My Puppy: In Gratitude | Teen Ink

My Puppy: In Gratitude

January 24, 2019
By Anonymous

My Puppy: In Gratitude

He’s a pain and he knows it. I’ve held him since he was little until he became too big. He has the eyes of an innocent that you can’t say no to. I see him and all I can remember is the very first time I held him and didn’t want to let go. Deep down he was scared and I knew it. He’d cry when he was lonely and I’d come to the rescue. He knows every time it’s me coming to the door. He’ll be right there, ready to wag his tail and put on a big smile. He’s still a puppy in my eyes and no one can tell me otherwise.
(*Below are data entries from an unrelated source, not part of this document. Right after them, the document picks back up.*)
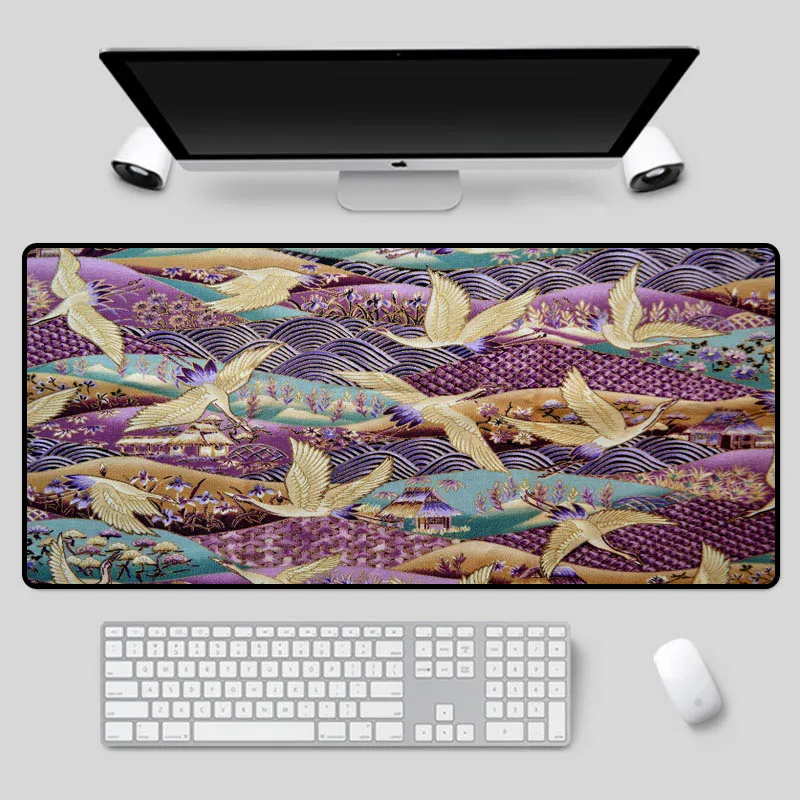 XGZ Exquisite textile texture series mouse pad as a table pad home computer notebook office game keyboard pad
XGZ Exquisite textile texture series mouse pad as a table pad home computer notebook office game keyboard pad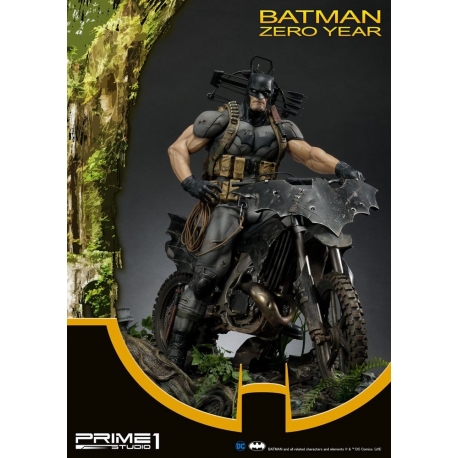 DC Comics Estatua Batman Zero Year 64 cm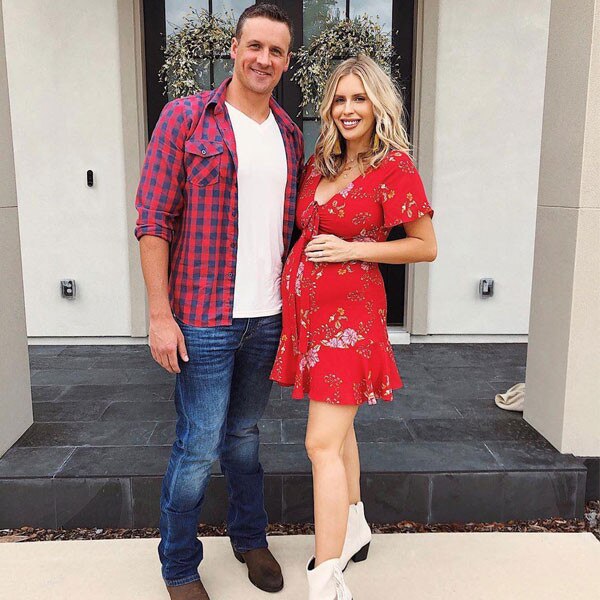 Ryan Lochte, Kayla Rae Reid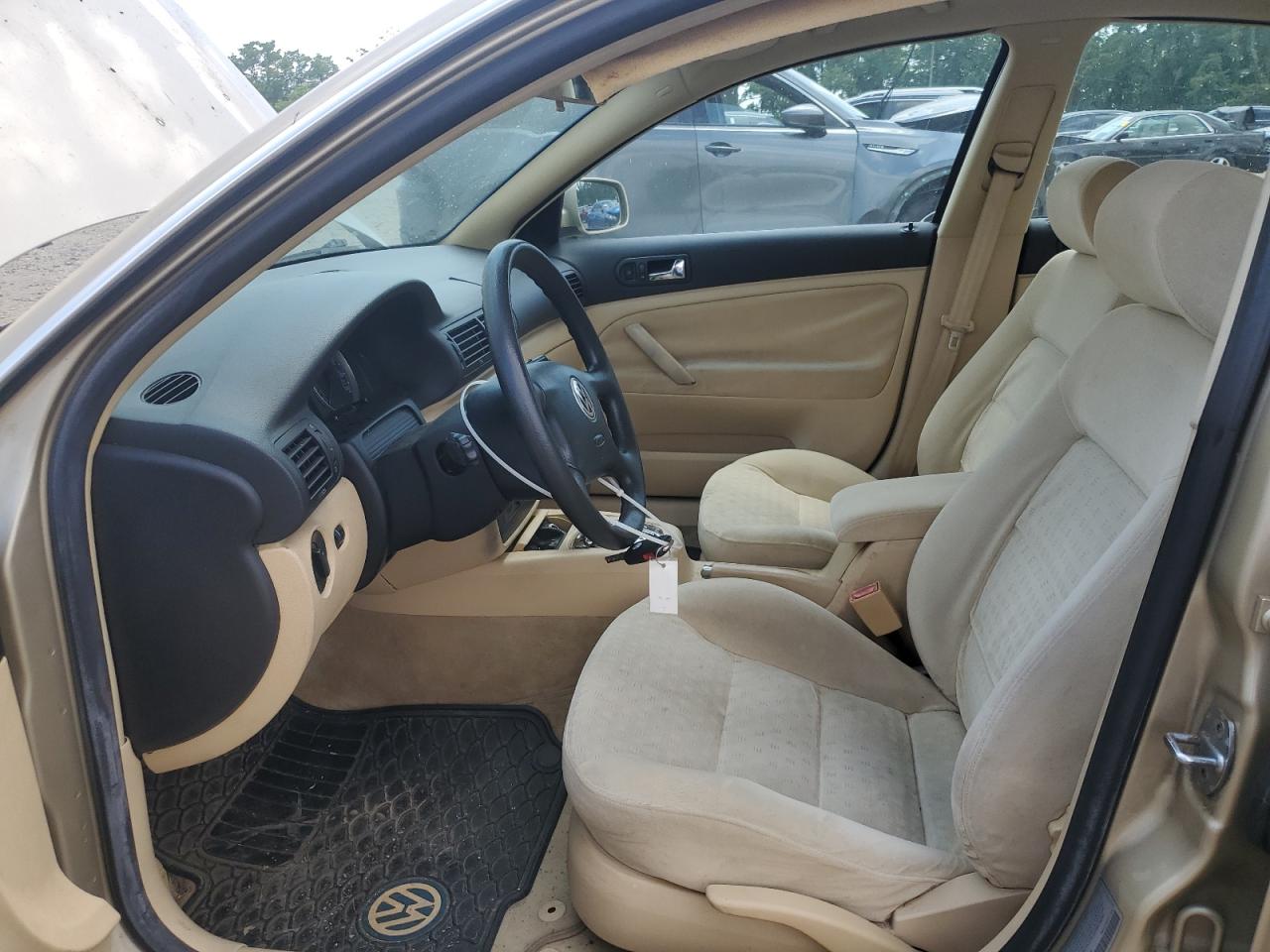 2002 Volkswagen Passat Gls VIN: WVWPD63B42P288294 Lot: 62377685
He knows when I’m having my bad days. He knows it without a doubt. Although he isn’t  crying, he’s there waiting for me. He presses his hairy body on the door, staring off towards the street. When I go outside and sit on the stairs with him, he rubs his body against my leg, letting me know to pet him. Then he sits in front of me, facing the street, and turns his head towards me slightly, smiling, letting me know he’s happy.

He protects and he cares. He stays there and guards the house, making sure nothing will head our way. He’s quick on his feet and alert. He barks at the people who head towards the house that he doesn’t know, warning them not to come in. He waits for my “It’s okay, Tobi” to insure it’s fine for them to pass by and continues to wag his tail.

He knows what time I get home. Before I show my face, his face is over the fence, peeking through. He knows it’s me walking his way. It’s either him on top of the stairs searching for me or him waiting for me to scream his name. Either way he is always there, more than excited to see me come home to him.

He’s a good boy, but he also has his tough days too. When he feels he’s not given attention, he cries. When no one is being playful with him, he prevents us from going in the house by biting our shoes. He may be two, but he sure acts like a puppy. He’s chewed up more blankets than I have ever owned and more beds than I can count. His energy can be stressful from time to time, but he always manages to trick us into believing he’s innocent. Who could blame him? He’s adorable. He gets so spoiled by everyone in the family, obviously I get a little jealous. Like c'mon, he has his own big house, he wears fashionable sweaters, he gets belly rubs, gets told he’s a good boy, gets numerous treats, gets to be lazy at home all day everyday, and doesn’t has to stress about anything. He loves the attention.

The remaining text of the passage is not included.